SUPPLIED INFORMATION
· · · · · · ·
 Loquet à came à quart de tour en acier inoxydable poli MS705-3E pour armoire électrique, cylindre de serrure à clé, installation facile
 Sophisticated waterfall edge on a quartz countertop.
· · · · · · ·
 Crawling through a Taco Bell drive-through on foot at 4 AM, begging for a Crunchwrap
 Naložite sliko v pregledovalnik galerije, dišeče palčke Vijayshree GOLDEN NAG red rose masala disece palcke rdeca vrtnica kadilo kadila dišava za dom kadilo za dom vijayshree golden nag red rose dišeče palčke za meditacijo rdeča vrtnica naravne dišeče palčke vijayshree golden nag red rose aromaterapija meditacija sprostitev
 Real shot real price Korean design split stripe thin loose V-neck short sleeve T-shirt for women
· · · · · · ·
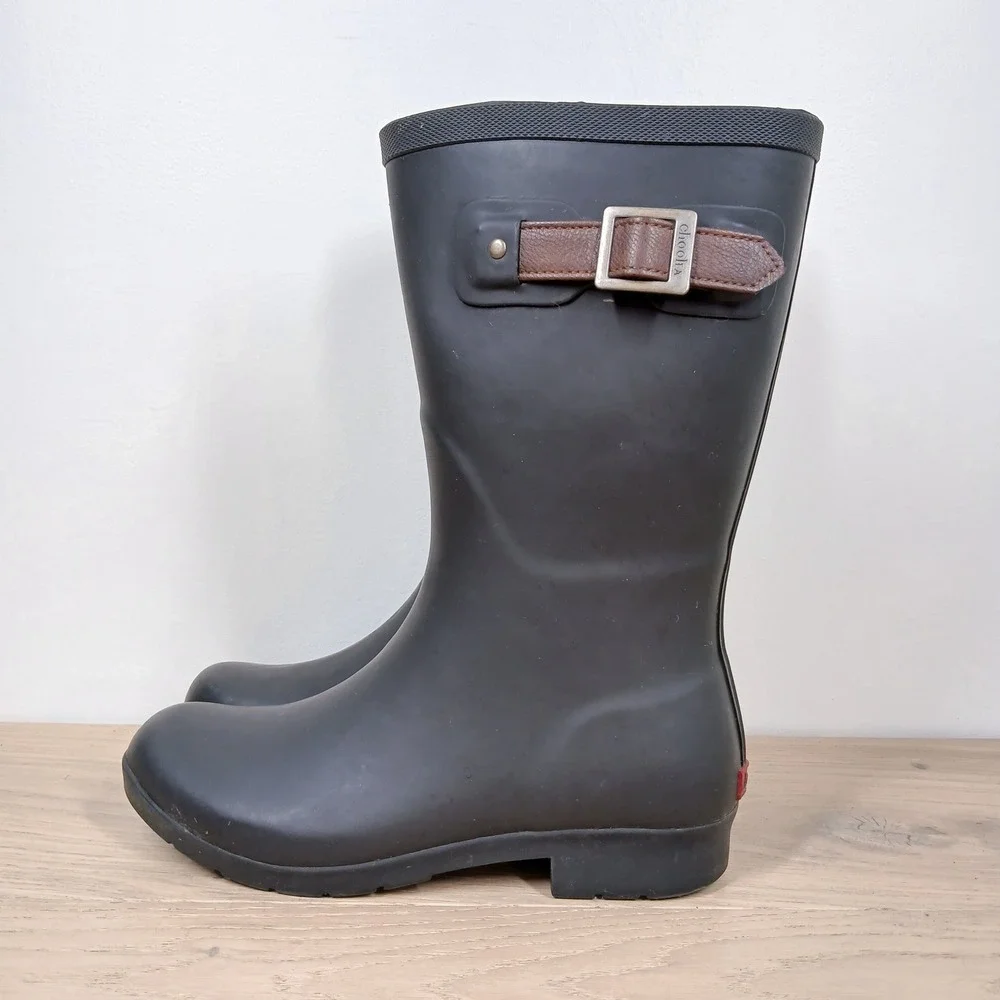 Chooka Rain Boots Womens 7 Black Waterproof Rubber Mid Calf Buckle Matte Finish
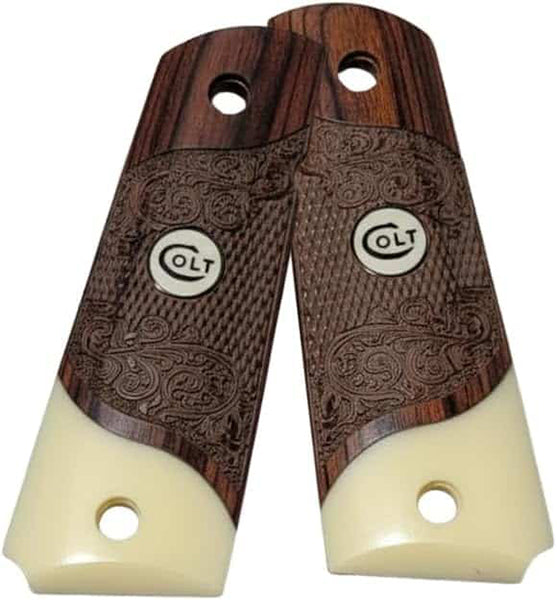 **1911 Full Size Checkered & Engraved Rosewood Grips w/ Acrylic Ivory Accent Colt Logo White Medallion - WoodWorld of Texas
· · · · · · ·
ABOUT THIS TASK
What is wanted is an exact copy of the lines above from the one containing "Chooka Rain Boots" through the one containing "WoodWorld of Texas", with no pictures in it.

FINISHED TASK
 Chooka Rain Boots Womens 7 Black Waterproof Rubber Mid Calf Buckle Matte Finish
 **1911 Full Size Checkered & Engraved Rosewood Grips w/ Acrylic Ivory Accent Colt Logo White Medallion - WoodWorld of Texas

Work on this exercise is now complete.